Survey indices with cv's
Opened this issue · 4 comments
When importing survey indices you would like to add information on uncertainty along with the survey index, e.g when an index value is supplied one would like also to have the cv (i.e. std. dev/mean). What is the best way of adding that information to mfdb? Should I import the CV as an additional time-series?
I think is fairly obvious I've never used this data type :) But continuing with the question, I assume one would deal with indices of biomass by species in a similar fashion?
Should I import the CV as an additional time-series?
Yes, but having more "first-class" support for CV with an extra column to store it / support in the querying functions would make sense I think.

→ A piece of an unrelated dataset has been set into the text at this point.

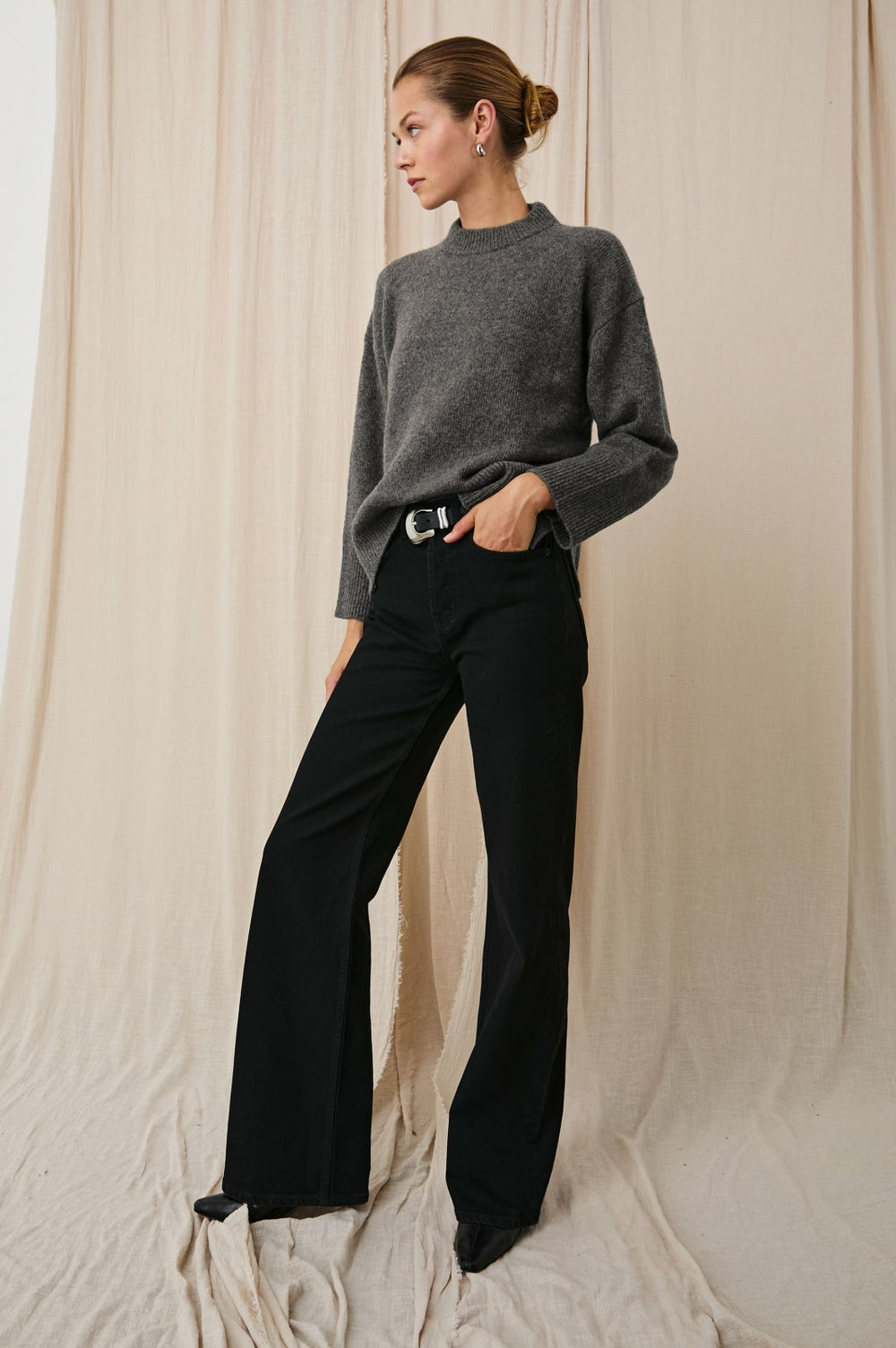 MIRANDA SWEATER - THUNDER| Rails US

indices of biomass by species
These could be stored in sample.weight
with count
being NA
/ NULL
. Then you have species and all the other metadata fields handy.
Yes, but having more "first-class" support for CV with an extra column to store it / support in the querying functions would make sense I think.
Sounds good.
These could be stored in sample.weight with count being NA / NULL. Then you have species and all the other metadata fields handy.

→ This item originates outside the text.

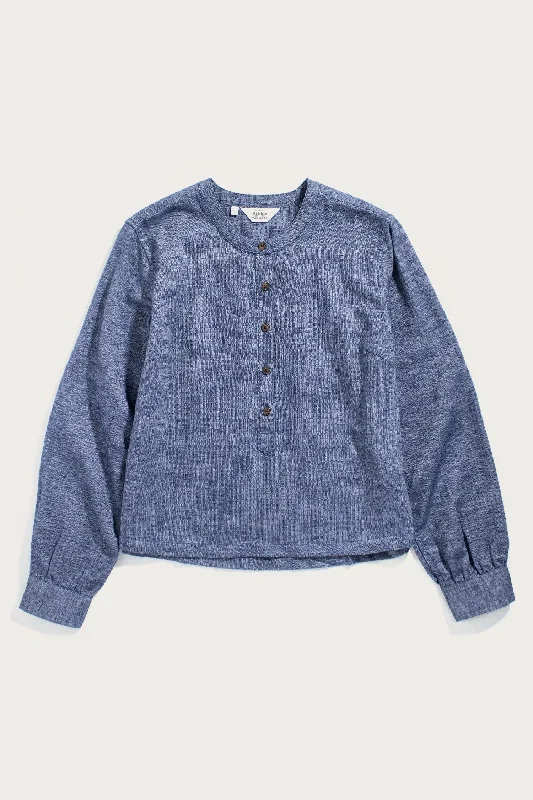 Yarra Pullover / Indigo Herringbone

Yes this is exactly what I have leaned towards in the past. To give you a bit of background for this question, I'm thinking about abundance estimates that arise from sighting surveys, that are only available by division and species. Other attributes are not available. So a typical dataset looks like:
year division count cv species
2005 WG 10792 0.59 MIW
2007 WG 9853 0.43 MIW
2015 WG 5241 0.49 MIW
2007 WC 20741 0.3 MIW
2007 CIP 1350 0.38 MIW
...
I've been picking an areacell at random from the division and assigning the abundance estimates to that. I can sort of squeeze this information into both table but in both cases you will need be careful when querying the data.

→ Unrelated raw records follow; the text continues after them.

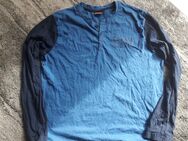 Herren-Langarmshirt mit Knopfleiste,Donnay blau   Gr, XL - Euskirchen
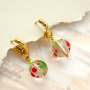 Mit Glasperlen modischen Ohrschmuck designen  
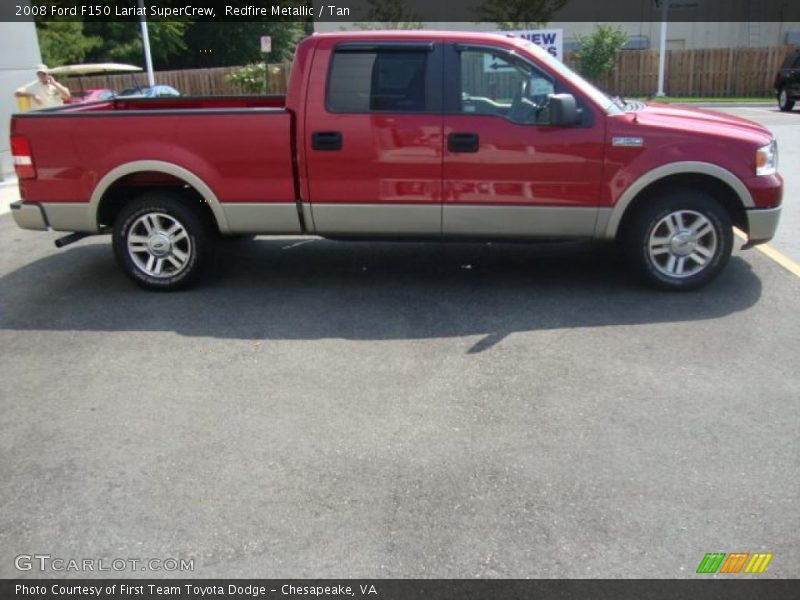 Redfire Metallic / Tan 2008 Ford F150 Lariat SuperCrew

I think this is why we made count NULLable in the first place. Which options makes more sense I'm not sure
One of the reasons that survey index exists is so it could be applied as an abundance scaling factor to other queries, in which case you choose them by the name you gave them. I'm not sure if that join makes sense if we add a species column in as well.
I've been picking an areacell at random from the division and assigning the abundance estimates to that.
I think I'd add an areacell with the same name as the division to the division (if that makes sense).